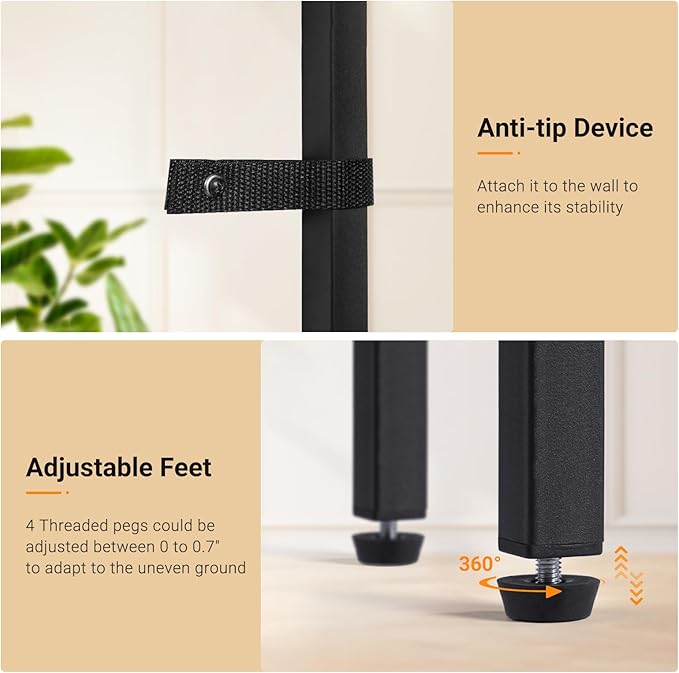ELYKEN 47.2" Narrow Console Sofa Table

•••

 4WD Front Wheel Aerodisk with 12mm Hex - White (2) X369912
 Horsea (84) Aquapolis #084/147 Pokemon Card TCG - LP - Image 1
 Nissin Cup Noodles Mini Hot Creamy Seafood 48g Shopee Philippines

•••

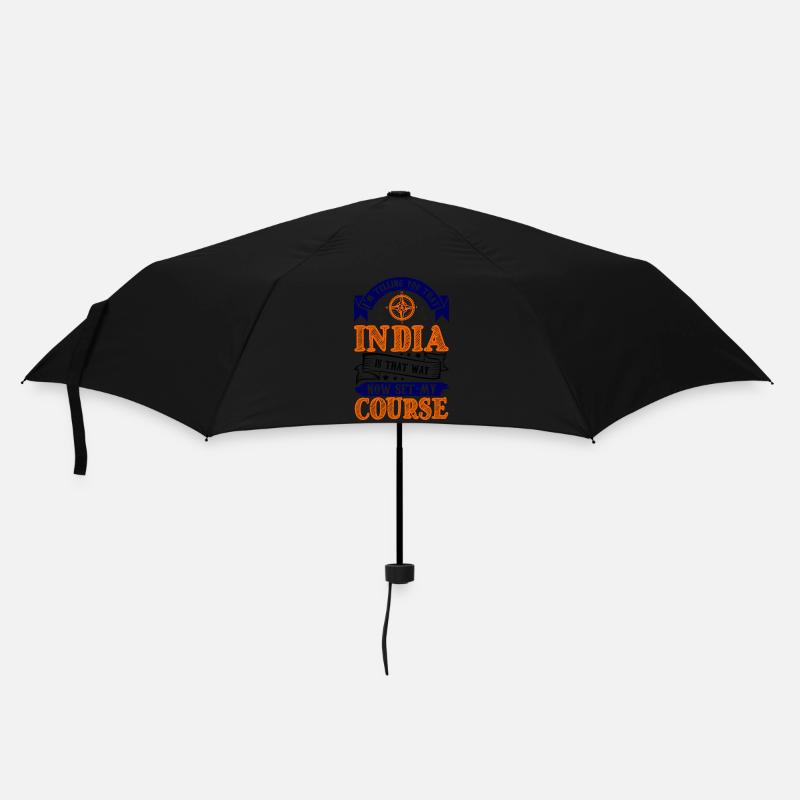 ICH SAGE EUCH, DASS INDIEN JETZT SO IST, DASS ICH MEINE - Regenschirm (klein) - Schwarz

•••

Once you find the line with "4WD Front Wheel" in the entries above, output it and each line after it up to and including the line with "Nissin Cup Noodles", and nothing else.

 4WD Front Wheel Aerodisk with 12mm Hex - White (2) X369912
 Horsea (84) Aquapolis #084/147 Pokemon Card TCG - LP - Image 1
 Nissin Cup Noodles Mini Hot Creamy Seafood 48g Shopee Philippines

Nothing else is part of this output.